Me too. Perhaps the update will detect the platform and turn on options? Just guessing of course. It's that "but" in her post that's confusing.


----------



## NorthAlabama (Apr 19, 2012)

waynomo said:


> You lost me.


it's suspected she's hinting premieres are not getting the new vudu or amazon prime apps. if those new apps are considered additional hardware functionality, then her tweet makes sense. otherwise, it doesn't, at least not to me. i've never viewed new software apps as an additional hardware functionality.

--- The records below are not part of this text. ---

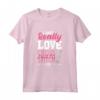 Donna Punto Croce I Just Really Love Cross Stitch Ok? Maglietta - Per gli amanti del punto croce e del Mezzopunto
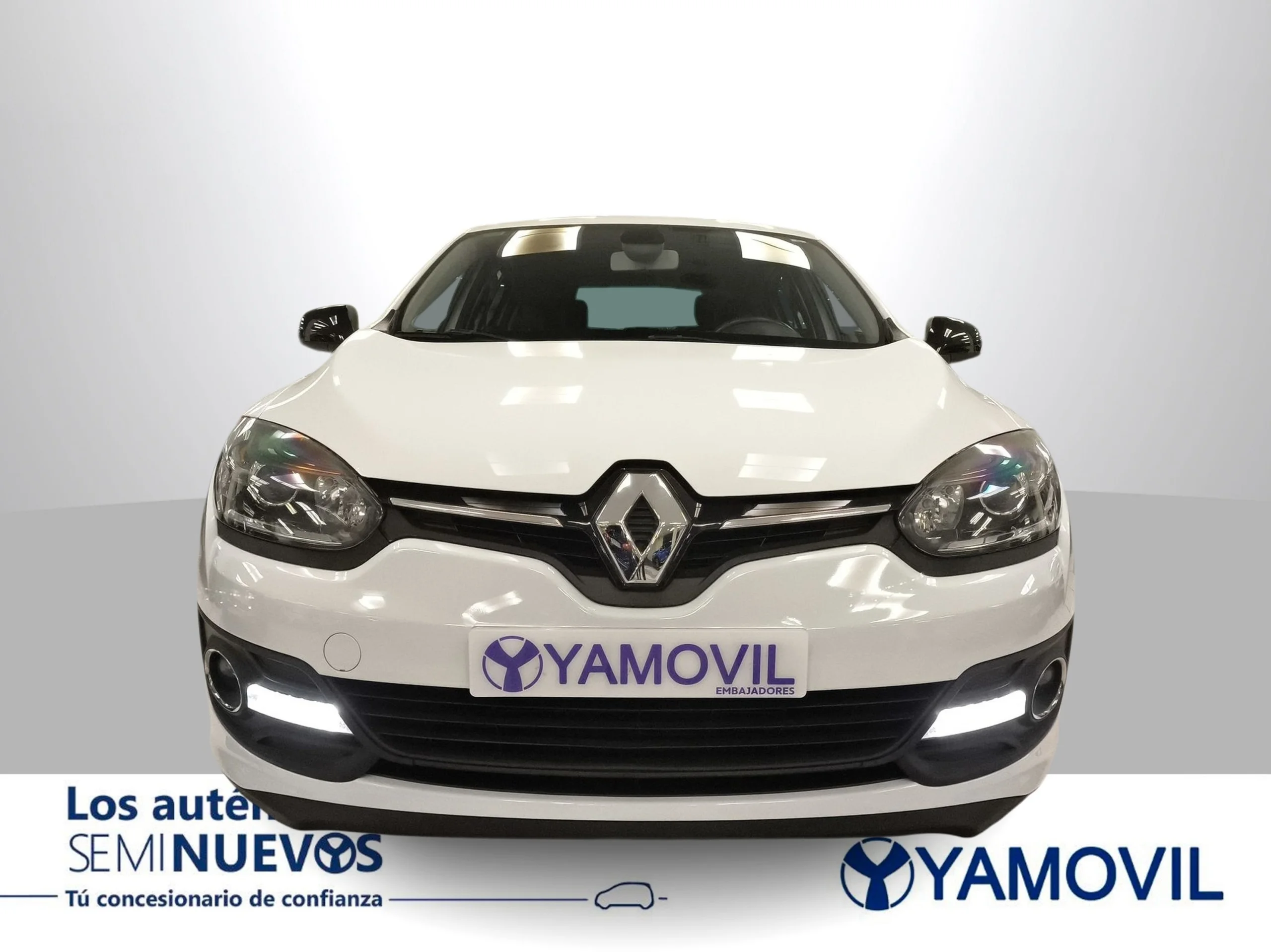 Renault Megane Limited dCi 70 kW (95 CV) - Foto 3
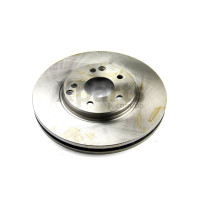 Гальмівний диск перед. MB W203/W210 95- (вент.) (300x28) (замінений на CD7136V) BREMSI DBB136V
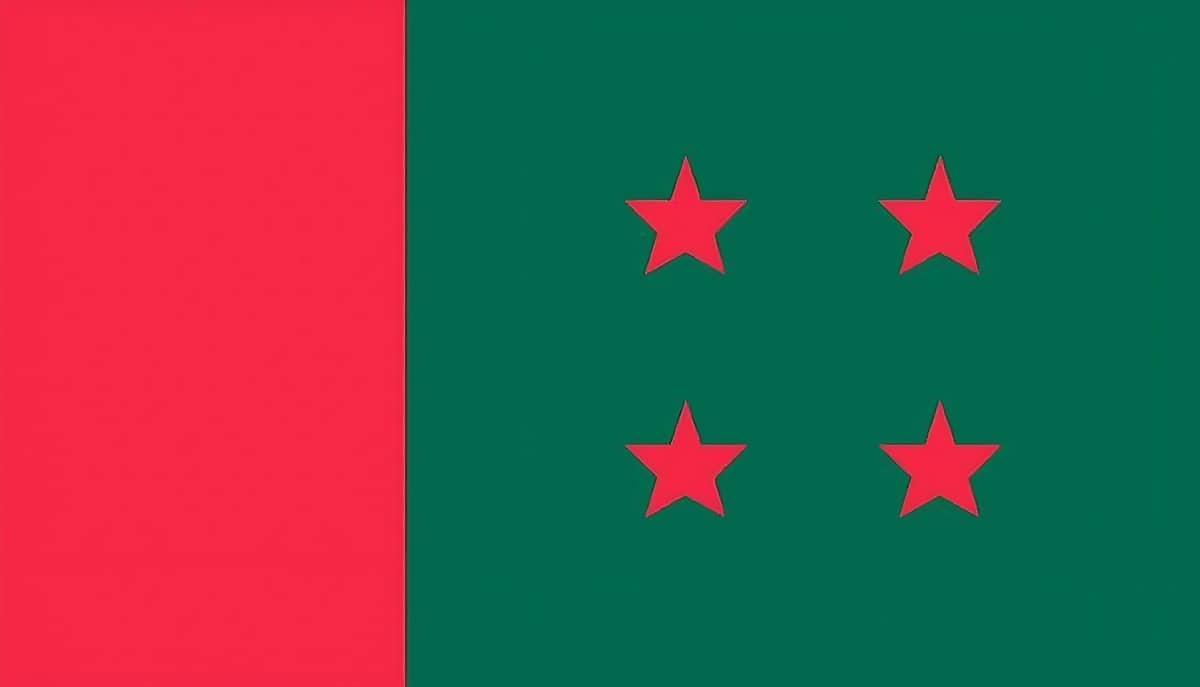 আওয়ামী লীগের প্রার্থী যারা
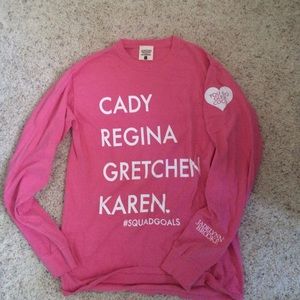 Jadelynn brooke squad goals shirt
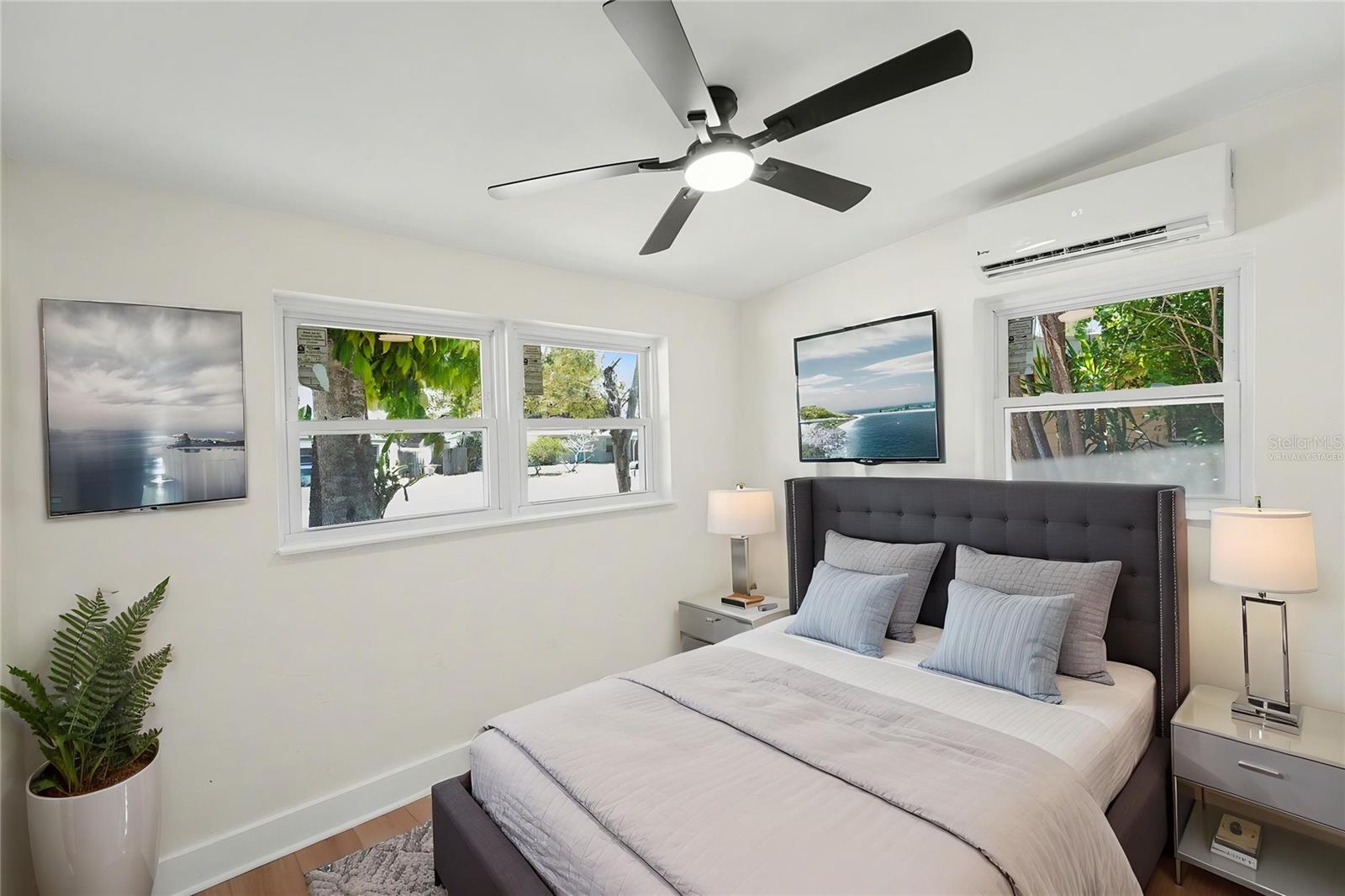 SEMINOLE LAKE VILLAGE 2ND ADD - Residential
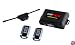 Crimestopper RS3-G3 Remote Start System with Keyless Entry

maybe she's talking about something else?


----------



## waynomo (Nov 9, 2002)

I see what you're saying. An app is basically an app. What's the big deal? 

Did I get that right?


----------



## NorthAlabama (Apr 19, 2012)

waynomo said:


> I see what you're saying. An app is basically an app. What's the big deal?
> 
> Did I get that right?


no.


----------



## JoeKustra (Dec 7, 2012)

waynomo said:


> I see what you're saying. An app is basically an app. What's the big deal?
> 
> Did I get that right?


Probably right, but I'm no expert. Vudu can do 1080p (I have it on my Blu-ray). Perhaps that's a hardware thing? Just guessing. I have Hulu+ on all my stuff, and Amazon (not prime).


----------



## bradenmcg (Dec 29, 2007)

The new apps are supposedly using HTML5 internally, and possibly streaming video with the same method. This usually takes more guts on the hardware end to do. The Premiere may not have it.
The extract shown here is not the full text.